In reality, this mental block is the biggest barrier to raising your rates. Here are five ways to overcome it.
1. Showcase your value. An easy way to show that your work is worth more is to highlight the value you provide.
Revamp your portfolio. Ask some of your favorite clients for glowing testimonials. Create a video that showcases all of the work that goes into a typical project. Build a chart that compares how much money you saved for clients compared with how little you charged them. Make sure that your service offerings highlight the total value that you're providing and not just the price tag. Your price--no matter what it is--should look small in comparison to the value you provide.
Your rate is determined by the value you provide and the results you bring, not by how you feel about the price. Do a better job of proving your worth to prospective customers and they will gladly pay a higher price.
2. Target better customers. There is no doubt that some of your customers are better than others. Certain jobs are a stretch for you while others hit your sweet spot.
Think about how you can hit that sweet spot more often. Odds are, there are certain clients who love you because you're exactly what they are looking for in a solution. You're the answer to their problems. What would it be like to work with clients like that all the time?
You can charge a higher price if you only work with your best clients because you're such a clear answer to their specific problem. The more specific of a problem you solve, the higher a price you can charge.
3. Raising rates is a part of business. If you're still scared to make the leap, schedule your rate increases at a set time. Raise them every three months or raise them after every 10 clients ... or set your own schedule.
Regardless, if you make rate raising a part of business, you take the emotion out of it. Raising your rates isn't a random event. I talked to one freelancer who has raised her rates 40 times over the years!
If you've worked with 10 more clients, your skills are better and you're more experienced. That means it's time to raise your rates.
4. Switch to price tiers. If the thought of raising your rates still terrifies you, let your customers make the decision for you.

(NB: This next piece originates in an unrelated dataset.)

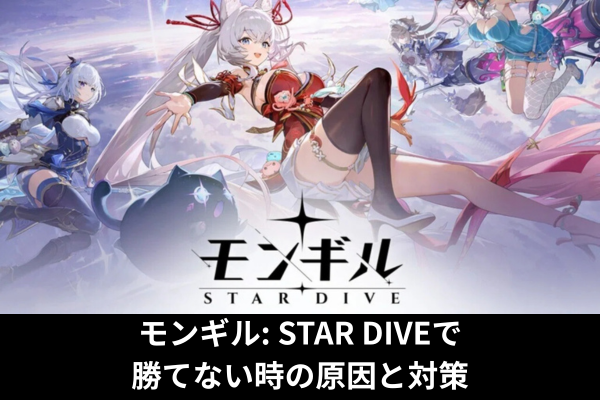 モンギル: STAR DIVEで勝てない時の原因と対策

It's common knowledge that different people have different price points, and you can use this to your advantage by giving people a few options.

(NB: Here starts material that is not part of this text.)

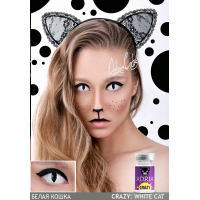 Карнавальные контактные линзы ADRIA Crazy (1 линза)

Instead of charging $300 per project, you could offer a basic package at $349, a premium package at $499, and an elite package at $799. You'll be surprised by how often clients opt for the higher priced services.
The real beauty of price tiers is that they shift the client's mindset from "Should I pay you at all?" to "What price should I pay you?"
And if you're wondering, three price tiers is usually best. When you offer more than three options, people tend to get overwhelmed.
5. Charge in chunks. Perhaps the easiest way to make more money per hour is to stop charging per hour.
One of the hardest parts about charging per hour is that you're always looking for the next project so you can bill for the next hour. This constant search takes a lot of time and reduces the amount you can get paid. You can overcome this by searching for bigger clients and taking their projects on in larger chunks of time.
For example, let's say you charge $40 an hour and you spend about 10 to 15 hours per week trying to find new clients. That means you can bill clients for about 30 hours per week, which comes out to $1,200 per week. Over the course of a month, you're making about $4,800.
What if you sold your services in one month blocks for $5,000? Not only would that boost your pay a bit, it would also result in an immediate increase in time because you wouldn't have to spend 10 to 15 hours every week trying to find the next client.
With the extra 40 to 60 hours per month, you could search for another major client (who could also pay you $5,000 per month) or spend more time with your kids.
No matter what strategy you choose, start charging more today. You'll be glad you did.